Hey all - I made my own coconut extract by soaking almost a pound of toasted, shredded, unsweetened coconut in 750 ml of vodka for two weeks. I strained off the coconut, boiled off the vodka, and am now trying to figure out how much to add to my porter, in secondary. It’s around a 5 gallon batch. My instinct is that if I’ve added 3/4 lb of toasted coconut that wasn’t soaked in vodka to another beer and it was a good amount, I can’t ruin a beer by merely adding the same amount of coconut that WAS soaked in vodka. Thoughts?
Don’t add it in secondary…add it to taste at packaging. That way there’s no guessing.
Sounds like a great idea. Any tips on avoiding oxidation when mixing extract, corn sugar and beer? I usually add the corn sugar “solution” to the bottling bucket, then add my beer on top. I’ve never added anything at bottling other than corn sugar and water. I don’t like to stir it a lot.

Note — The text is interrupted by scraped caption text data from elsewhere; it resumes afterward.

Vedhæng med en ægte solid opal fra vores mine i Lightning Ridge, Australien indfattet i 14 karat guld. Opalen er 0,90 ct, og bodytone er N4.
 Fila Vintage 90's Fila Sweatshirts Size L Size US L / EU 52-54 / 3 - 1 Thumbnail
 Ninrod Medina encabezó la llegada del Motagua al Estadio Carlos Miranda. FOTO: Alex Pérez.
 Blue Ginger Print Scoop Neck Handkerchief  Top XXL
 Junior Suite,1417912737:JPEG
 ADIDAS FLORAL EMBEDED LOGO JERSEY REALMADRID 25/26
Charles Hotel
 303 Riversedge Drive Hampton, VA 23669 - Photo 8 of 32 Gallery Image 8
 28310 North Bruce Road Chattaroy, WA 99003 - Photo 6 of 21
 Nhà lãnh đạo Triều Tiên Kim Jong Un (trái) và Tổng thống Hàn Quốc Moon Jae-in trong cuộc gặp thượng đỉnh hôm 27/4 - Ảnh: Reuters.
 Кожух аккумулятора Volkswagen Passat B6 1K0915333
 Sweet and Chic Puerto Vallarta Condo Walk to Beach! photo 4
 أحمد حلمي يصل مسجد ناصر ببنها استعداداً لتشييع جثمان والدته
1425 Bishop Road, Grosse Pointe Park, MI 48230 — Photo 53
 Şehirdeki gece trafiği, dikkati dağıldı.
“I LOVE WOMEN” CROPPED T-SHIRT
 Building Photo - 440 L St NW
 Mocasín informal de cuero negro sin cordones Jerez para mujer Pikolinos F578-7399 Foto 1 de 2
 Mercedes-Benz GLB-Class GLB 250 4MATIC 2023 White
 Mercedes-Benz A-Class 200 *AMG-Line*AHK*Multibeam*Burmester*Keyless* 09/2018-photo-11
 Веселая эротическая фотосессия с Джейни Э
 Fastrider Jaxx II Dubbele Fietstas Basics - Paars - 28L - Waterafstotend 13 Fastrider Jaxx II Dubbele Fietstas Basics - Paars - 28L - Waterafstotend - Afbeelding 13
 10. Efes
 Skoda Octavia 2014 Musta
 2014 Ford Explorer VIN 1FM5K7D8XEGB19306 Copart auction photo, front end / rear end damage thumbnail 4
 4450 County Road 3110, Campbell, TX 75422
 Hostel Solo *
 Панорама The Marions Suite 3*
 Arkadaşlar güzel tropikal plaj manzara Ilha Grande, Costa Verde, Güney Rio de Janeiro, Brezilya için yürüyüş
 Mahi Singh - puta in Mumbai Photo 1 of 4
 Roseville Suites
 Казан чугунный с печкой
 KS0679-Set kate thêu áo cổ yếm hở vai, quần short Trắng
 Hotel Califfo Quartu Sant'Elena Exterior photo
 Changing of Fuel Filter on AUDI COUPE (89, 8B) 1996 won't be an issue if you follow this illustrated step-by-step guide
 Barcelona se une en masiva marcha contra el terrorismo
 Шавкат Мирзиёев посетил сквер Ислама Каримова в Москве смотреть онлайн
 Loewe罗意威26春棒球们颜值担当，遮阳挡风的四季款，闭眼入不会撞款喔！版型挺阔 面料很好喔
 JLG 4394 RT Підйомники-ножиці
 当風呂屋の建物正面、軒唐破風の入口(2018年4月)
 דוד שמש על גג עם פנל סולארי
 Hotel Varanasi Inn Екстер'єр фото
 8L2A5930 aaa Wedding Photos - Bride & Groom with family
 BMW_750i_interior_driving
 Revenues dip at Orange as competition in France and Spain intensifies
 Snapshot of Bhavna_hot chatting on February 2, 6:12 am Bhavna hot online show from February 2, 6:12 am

I can’t imagine any more oxidation occurring with your extract beyond that of the priming sugar addition. Both should have the oxygen boiled off for the most part, so the oxidation would come from the open mixing. Bottle conditioning uses some oxygen so you should be OK. Also, I do agree with Denny that adding to taste at packaging time is the only way to be sure the amount gives you what you want.
You can add it when you add your corn sugar solution. Here’s what I do…pour 4 2 oz. samples of the beer before you rack to your bottling bucket. Dose each with a different, measured amount of your extract. Determine which you like best and scale that amount of extract up to your batch size. Then you can add before racking.